Sieve — Filter through the (financial) noise

Three loans, twenty-one mutual funds, and no app I could find would tell me the age at which I could stop working (for money).

A few weeks ago I sat down with a stack of statements — three loan accounts, twenty-one mutual fund schemes across two platforms — the usual mess. I wasn’t looking to do anything fancy. I just wanted a clean answer to one question: am I on track?

By the end of that weekend I had something I still can’t find in any product I’ve tried.

  • A per-fund verdict — keep, review, exit now, exit after a year — with the reasoning attached to each one.
  • A year-by-year projection of my loans and my corpus, three strategies plotted against each other.
  • And an answer to “when can I stop working (for money)?” that updated live as I slid the SIP and prepayment numbers around.

That weekend is the reason I’m building Sieve.

What I noticed doing it by hand

A few insights jumped out that I now think every household audit should produce.

Personal XIRR is the wrong metric to judge a fund by. Every platform you log into puts your XIRR front and centre. The problem is that XIRR reflects when you invested, not how good the fund is. A great fund where you started a SIP six months ago during a correction shows a brutal negative number. A mediocre fund you’ve held for eight years shows a flattering one. Acting on XIRR alone exits good funds and rewards bad ones. You have to cross-reference with the 3-year and 5-year annualised return of the fund itself — and that lookup just isn’t surfaced anywhere I’ve checked.
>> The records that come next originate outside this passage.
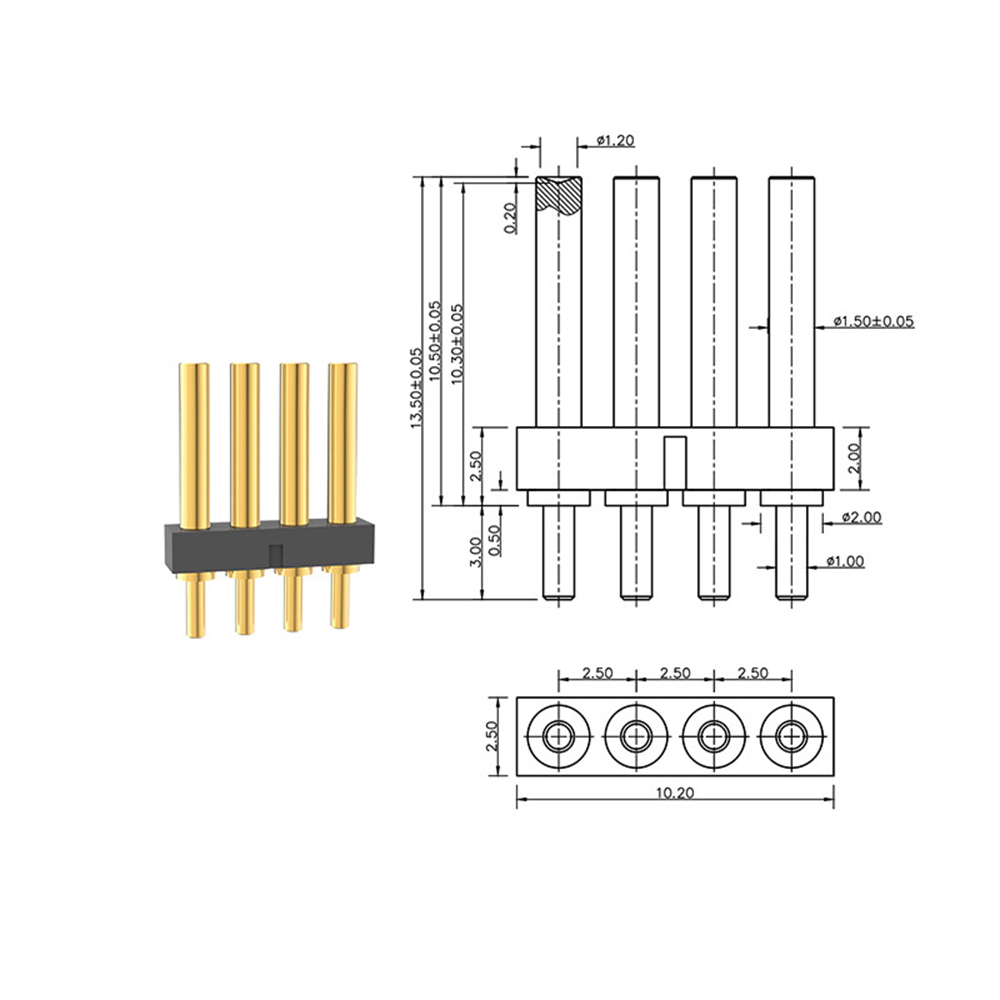 포고 핀 12V 1A 4핀 2.0x13.5 테일 1.0x3.0 간격 2.5mm 금도금 3u 재질 황동 C3604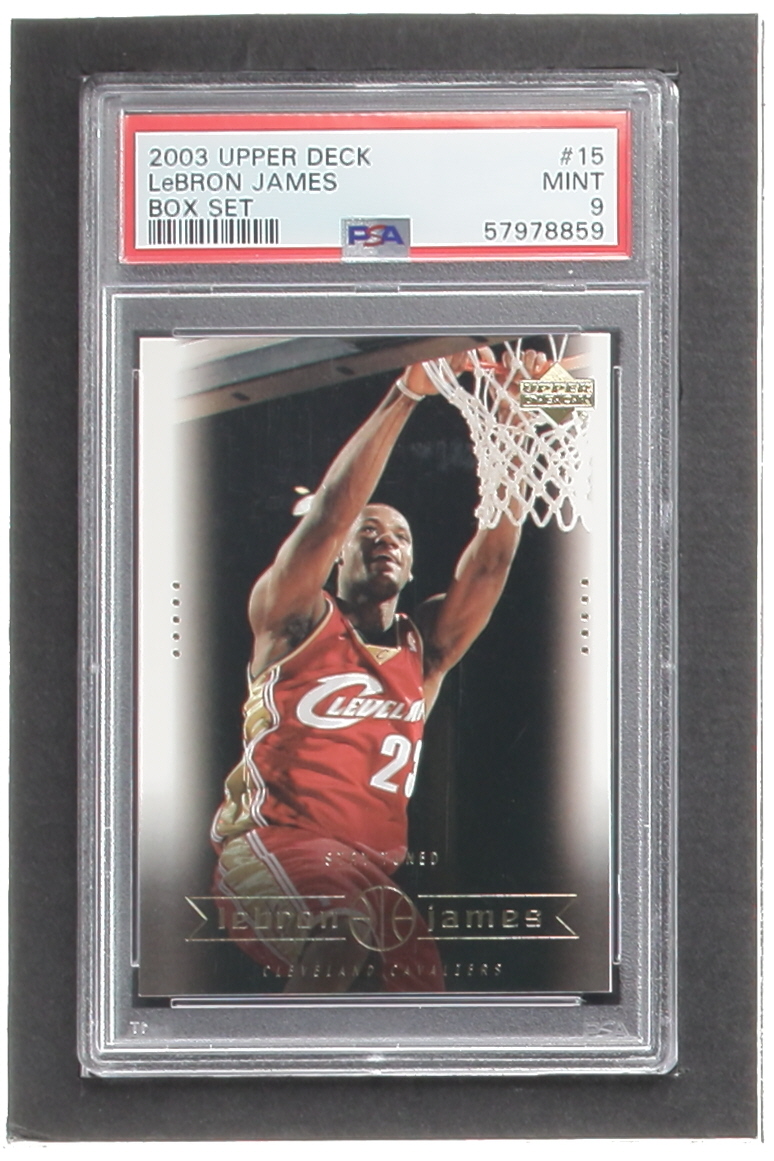 LeBron James 2003 Upper Deck LeBron James Box Set #15 RC / Stay Tuned (PSA 9) at PristineAuction.com LeBron James 2003 Upper Deck LeBron James Box Set #15 RC / Stay Tuned (PSA 9) at PristineAuction.com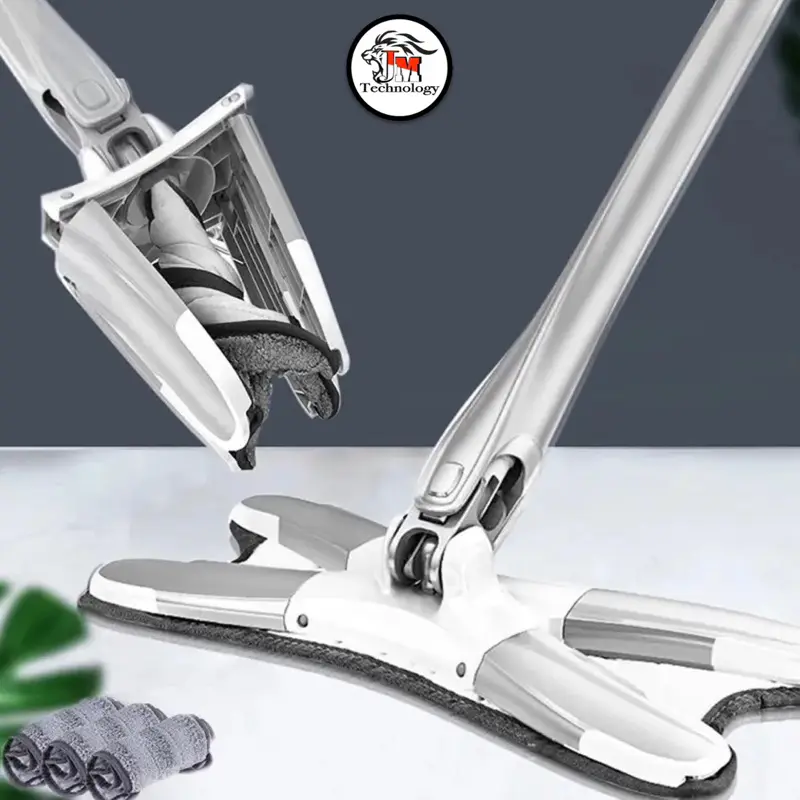 Alat Pel Peras Praktis Mop Magic Bentuk Light X-shape Mop Putar Twist Mop Gagang Panjang 1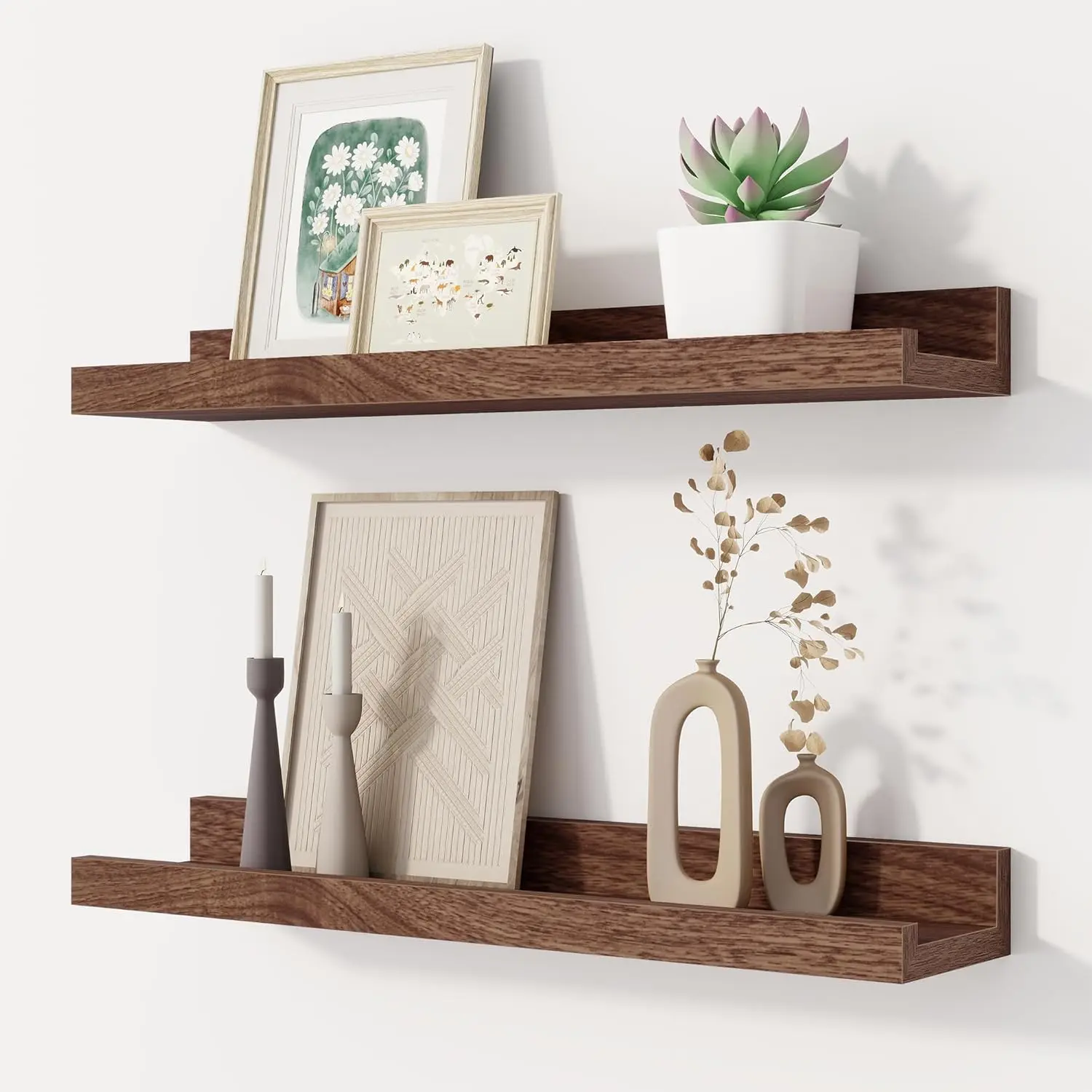 16in Walnut Solid Wooden Floating Shelves, 2-Piece Rectangular Wall-Mounted Set with Edge Trim, Large Kids' Bookshelf for Toy Storage, Home Decor Picture Display Stand for Living Room, 16 Inch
If you have a loan above 7%, almost every debt fund you hold is a net loss. Post-2023 the tax rules changed — debt funds are taxed at your income slab regardless of how long you hold them. So a debt fund earning 8% pre-tax, at a 30% slab, gives you 5.6% net. A home loan at 7.15% is a guaranteed, tax-free 7.15% if you prepay it. The maths says: stop the debt SIP, exit the debt fund, prepay the loan. But no app routes you to that conclusion. Every app I’ve seen treats debt funds and loans as separate things owned by separate planning logic.

The “cascade effect” is the single biggest lever you have. When you prepay one loan and close it early, its entire EMI — every month, every year, for years — redirects to the next loan in line. A ₹1.12 lakh/month EMI freed up two years earlier doesn’t add a little; it compounds. Splitting your extra surplus across three loans defeats the whole thing. Concentrate on one. Close it. Then concentrate on the next.

The right output metric isn’t a corpus number — it’s an age. Most planning tools tell you “you need ₹5 crore at retirement.” That’s true and useless. The number that actually moves the needle is “with these inputs, you’ll be loan-free at 41 and financially independent at 47.” That’s the metric that makes trade-offs visible — slide a parameter, watch the age change, decide if it’s worth it.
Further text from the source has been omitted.